HOME > Brasil

Mais de 500 operários são resgatados de condições análogas à escravidão em obra no Mato Grosso

Os trabalhadores, vindos majoritariamente das regiões Norte e Nordeste do país, atuavam na construção de uma usina de etanol

Mais de 500 operários são resgatados de condições análogas à escravidão em obra no Mato Grosso (Foto: Reprodução/Relatório Fotográfico da Inspeção)

247 - Uma operação realizada pelo Ministério do Trabalho e Emprego (MTE) em conjunto com o Ministério Público do Trabalho (MPT) resultou no resgate de 563 trabalhadores submetidos a condições análogas à escravidão em Porto Alegre do Norte (MT), em um canteiro de obras da TAO Construtora. A ação teve início em 20 de julho, após um incêndio provocado por trabalhadores em protesto contra a precariedade das condições de vida e trabalho no local. As informações são do G1.

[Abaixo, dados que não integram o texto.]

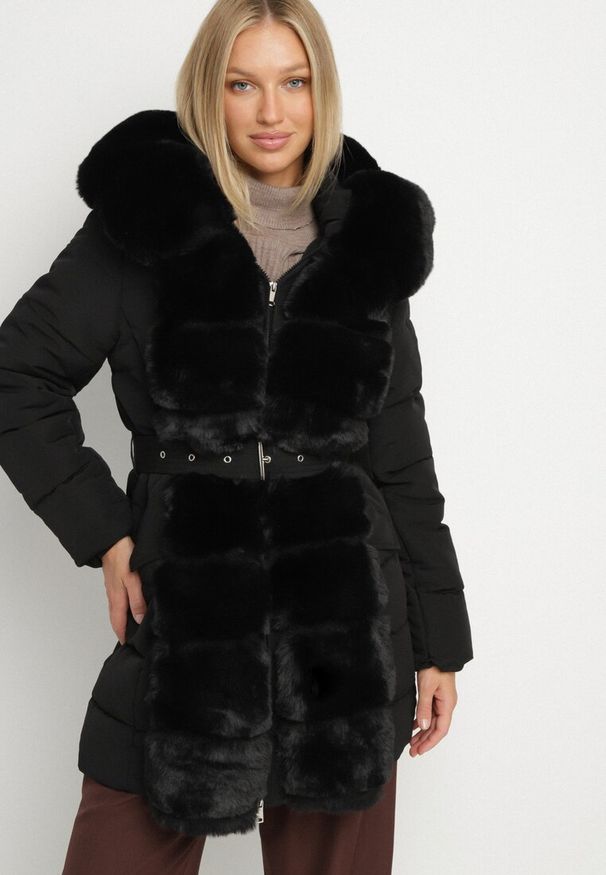 Born2be - Czarna Pikowana Kurtka z Kapturem i Paskiem z Klamrą Zdobiona Futerkiem Ollina. Okazja: na co dzień. Typ kołnierza: kaptur. Kolor: czarny. Materiał: futro. Wzór: aplikacja. Styl: casual, elegancki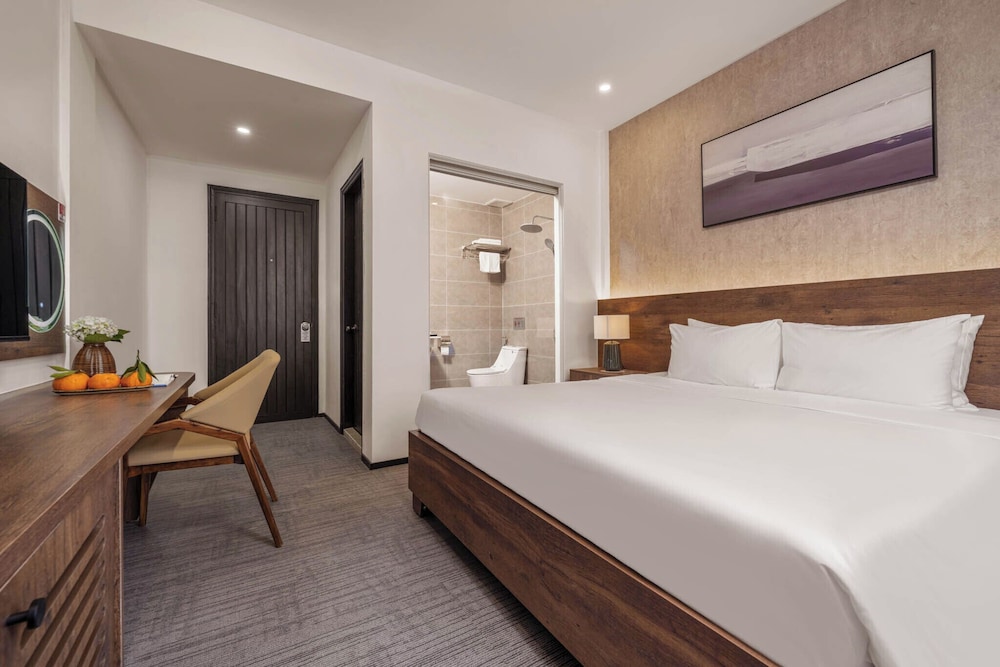 Kly Luxury Hotel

Os trabalhadores, vindos majoritariamente das regiões Norte e Nordeste do país, atuavam na construção de uma usina de etanol na zona rural do município. A investigação revelou uma série de violações, que vão desde más condições de alojamento até suspeitas de tráfico de pessoas, jornadas exaustivas e servidão por dívida.A situação se agravou nos dias que antecederam o incêndio, com o corte no fornecimento de água potável e energia elétrica. Sem estrutura mínima, trabalhadores relataram banhos com canecas e filas para banheiros sujos. O incêndio destruiu os alojamentos masculinos e femininos, além de parte da panificadora e da guarita da obra.Os dormitórios tinham apenas 12 m², abrigando até quatro pessoas sem ventilação adequada. “Trabalhadores dormiam em quartos superaquecidos, com apenas um ventilador para quatro pessoas, sobre colchões usados e sem roupas de cama adequadas”, aponta a fiscalização. Alguns chegavam a dormir no chão, sob mesas.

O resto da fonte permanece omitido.